O Ateísmo dos que tem fé

Roberto Albuquerque dos Santos
Deus...um termo ou um sujeito? Realidade, ficção ou apenas uma tese filosófica ou teológica? Um objeto da religião ante os conceitos da ciência ou uma forma do homem espiritualizar a carência por um ser poderoso que o proteja? Deus, considerado amor e ao mesmo tempo considerado injusto pela mesma pessoa; querido em algum momento e negado em outro.
O salmista afirma que o néscio implica em seu coração que Deus não existe; mas o que levaria o néscio a pensar tal coisa? Seria esse néscio apenas um tolo ou alguém que no passar dos anos se viu em uma densa tendência a desacreditar em quem ensinaram a crer?  A religião cria concepções, infunde a fé, mas não a solidifica. Nessa perspectiva Deus fica a mercê de existir ou não a quem foi ensinado, já que o que solidifica a fé é a experiência, principalmente para o cético.
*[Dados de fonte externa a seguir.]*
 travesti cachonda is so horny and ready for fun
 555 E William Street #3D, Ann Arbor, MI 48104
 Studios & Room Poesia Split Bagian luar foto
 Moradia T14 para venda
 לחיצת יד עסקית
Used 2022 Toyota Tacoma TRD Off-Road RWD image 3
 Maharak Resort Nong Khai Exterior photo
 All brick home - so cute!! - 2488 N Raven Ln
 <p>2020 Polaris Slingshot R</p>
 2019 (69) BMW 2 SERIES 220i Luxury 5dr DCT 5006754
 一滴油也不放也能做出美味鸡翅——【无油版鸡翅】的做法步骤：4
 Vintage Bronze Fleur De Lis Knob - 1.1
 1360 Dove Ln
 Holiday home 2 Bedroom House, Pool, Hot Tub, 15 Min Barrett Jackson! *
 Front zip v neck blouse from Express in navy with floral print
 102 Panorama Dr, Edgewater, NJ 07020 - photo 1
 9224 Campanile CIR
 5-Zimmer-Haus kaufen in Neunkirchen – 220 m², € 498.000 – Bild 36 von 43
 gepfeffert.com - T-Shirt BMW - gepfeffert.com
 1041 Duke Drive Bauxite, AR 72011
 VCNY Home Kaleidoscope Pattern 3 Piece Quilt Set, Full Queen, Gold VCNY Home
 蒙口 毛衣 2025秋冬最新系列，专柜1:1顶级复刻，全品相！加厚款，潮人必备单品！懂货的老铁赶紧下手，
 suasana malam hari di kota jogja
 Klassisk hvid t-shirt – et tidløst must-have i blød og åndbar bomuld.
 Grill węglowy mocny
Quando alguém professa sua fé na existência de Deus não entende que a partir desse momento também concebeu o tempo da existência desse mesmo Deus em sua vida. Embora pareça estranha tal afirmativa, ela se manifesta e se testemunha a partir das circunstâncias vividas por cada pessoa. Não são poucos casos de pessoas que ora são crédulas e pouco depois desacreditam que Deus possa fazer algo por elas. Nessas circunstâncias Deus não existe. Não existe porque é considerado inoperante ou insensível; não se nega Deus apenas não acreditando na sua existência, mas negar sua presença é considerá-lo não existente. Por um lado isso se concebe a partir da impossibilidade Dele não estar em todo lugar ao mesmo tempo – onipresença; por outro lado, a eficácia da incredulidade abate o entusiasmo da fé e para um homem sem fé, Deus se torna passivo, sem forças, insensível, desnecessário. Essa é a perspectiva do néscio: ele não compreende que Deus não é o que fizeram ele conceber como Deus, nem tampouco o que ele (o néscio) queira que Ele (Deus) seja, mas que Deus em sua ontologia está desvinculado de qualquer produção humana, portanto Ele não necessita da fé ou da incredulidade do homem para ser o que é.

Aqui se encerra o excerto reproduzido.